On Friday, James Selfe, who chairs the Fedex, confirmed that the DA would hold a Fedex meeting on Monday to assess its electoral showing. Although Selfe did not rule out a possible challenge to Maimane on Monday, he added, “I doubt anyone would come with any sort of motion against him.”

On whether Maimane would see out the rest of his DA term, which ends in 2021, Selfe said: “If you had to ask me if it was going to happen (Maimane seeing out his term), I would say that yes, it is going to happen. But, you know, I can’t predict every eventuality.”

However, Trollip, has reportedly thrown his weight behind Maimane, saying he would continue to lead the party until 2021. Trollip said the leadership of the party as a whole would take responsibility for the dip in the votes.

But Maimane, however, was upbeat yesterday blaming the DA’s dwindling support on the rise of “nationalism and radicalism”.

“The thing that I celebrate about these election results is that we have demonstrated that we have a diverse base; that it doesn’t matter where we’ve come from.
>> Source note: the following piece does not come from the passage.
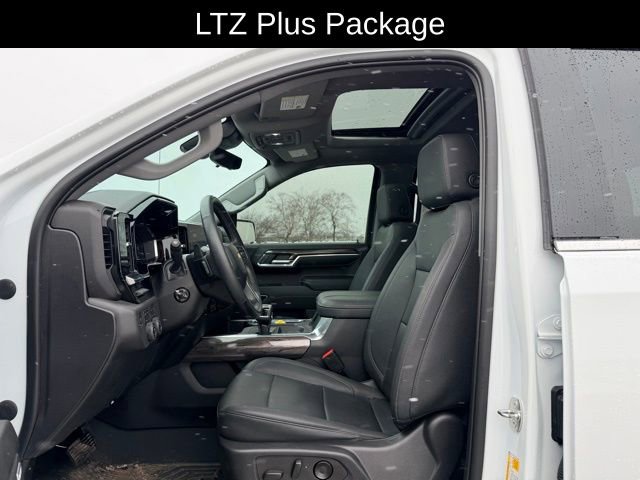 Used 2023 Chevrolet Silverado 1500 LTZ w/ LTZ Premium Package image 8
I’ve just got the latest projections that, even in a place like Soweto (in Gauteng), where the DA was accustomed to getting 5% of votes there, (we’re) getting 13%. To me, that shows that we can grow in Soweto as we can in Sandton,” Maimane said.
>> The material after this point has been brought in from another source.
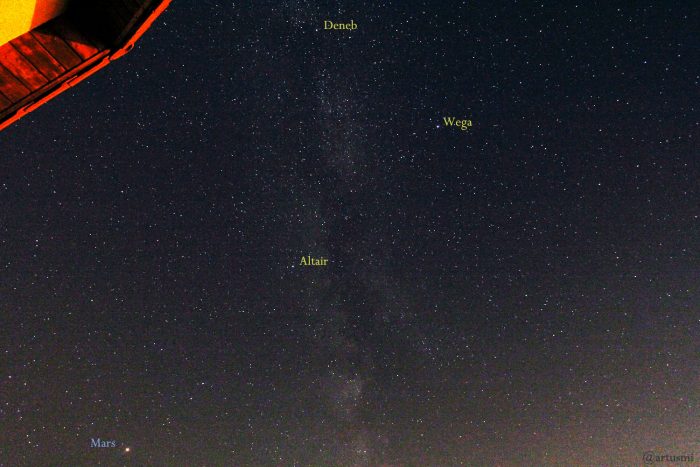 Teil der Milchstraße mit Mars und Sommerdreieck am 4. Oktober 2018 um 21:23 Uhr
Asked whether Maimane would finish his term, DA spokesperson Solly Malatsi said: “It will be irresponsible to speculate on it. The Fedex is meeting on Monday. Part of the agenda will be a report on our electoral performance and its ordinary business.”

The ANC stood at 57.67%, down from the 62.15% it garnered in 2014. The EFF had secured 10.59% nationally last night, up from 6.35% in 2014.

EFF national chairperson Dali Mpofu said the party was upbeat and satisfied to be in the double digits nationally when the ANC and the DA have declined.

In Gauteng, the DA stood at 27.29%, the ANC at 50.72% and the EFF at 14.41 at the time of publication.

The weakened performance of both the ANC and DA in Gauteng, has opened the possibility that the legislature will fracture into governing coalitions.

This is where the smaller parties like the IFP will become important.

Last night, IFP Gauteng leader Bonginkosi Dhlamini was confident that his party was going to regain its seat in the Gauteng legislature.

“We are confident that we will regain our seat in the Gauteng legislature and possibly double our seats after the completion of the counting,” Dhlamini said.

The Electoral Commission of South Africa (IEC) is expected to release the final results today, while several smaller parties contested the integrity of the poll.

Last night IEC Commissioner Janet Love said Statistician-General Risenga Maluleke would provide a sample of 1020 voting stations, which would form the basis of the independent audit into alleged voter irregularities

She said while it was “theoretically possible” for people to vote more than once, the SAPS had reported that while there were attempts to double vote, there was no direct evidence that it has actually happened.

“As things stand, we do have indications that it is theoretically possible to vote more than once. Although attempts have been made, the finding is that there is no evidence of double or triple voting.”

Love said the audit process was an independent process, which provided the statistician-general with the full voters role.

The Deputy National Commissioner responsible for Policing, Lieutenant General Fannie Masemola, said last night that 17 people attempted to vote twice in Dannhauser.